Das mit dem nach hinten iss bei nem Downhiller ja auch normal.
Wenn de richtige DH-Trails fährst biste dann immernoch waagerecht aufm Bike, weil die starke nach hinten Neigung das extreme Gefälle ausgleicht


----------



## LB-Biker (1. August 2010)

MindPatterns schrieb:


> Klingt doof - ist aber so
> 
> Habe gestern mein Stinky entjungfert.

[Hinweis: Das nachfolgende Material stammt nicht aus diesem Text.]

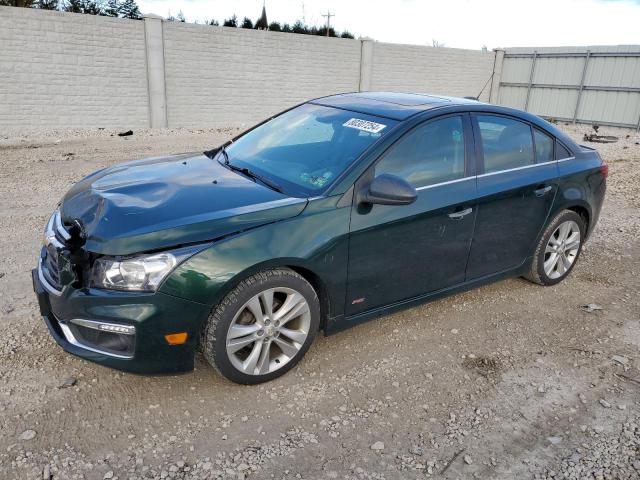 chevrolet cruze ltz 2015 1g1pg5sb3f7281452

Bin bislang immer nur Hardtails gefahren mit einer Frontfederung von max. 100 mm.
> Beim Downhill ist mir jedenfalls aufgefallen, daß ich nach hinten gezogen werde, ich mußte mich richtig am Lenker festklammern, um nicht hintenrum abzusteigen, so hat es sich angefühlt.
> ...



Hattest du auch das Gefühl, dass du schon zu weit hinten bist um wieder nach vorne zu kommen?


----------



## MindPatterns (1. August 2010)

LB-Biker schrieb:


> Hattest du auch das Gefühl, dass du schon zu weit hinten bist um wieder nach vorne zu kommen?



Ich zitier mich mal selber - 



> ...nen Superman Seatgrab hätte ich wahrscheinlich ohne zu springen geschafft, wenn ich weitergefahren wäre...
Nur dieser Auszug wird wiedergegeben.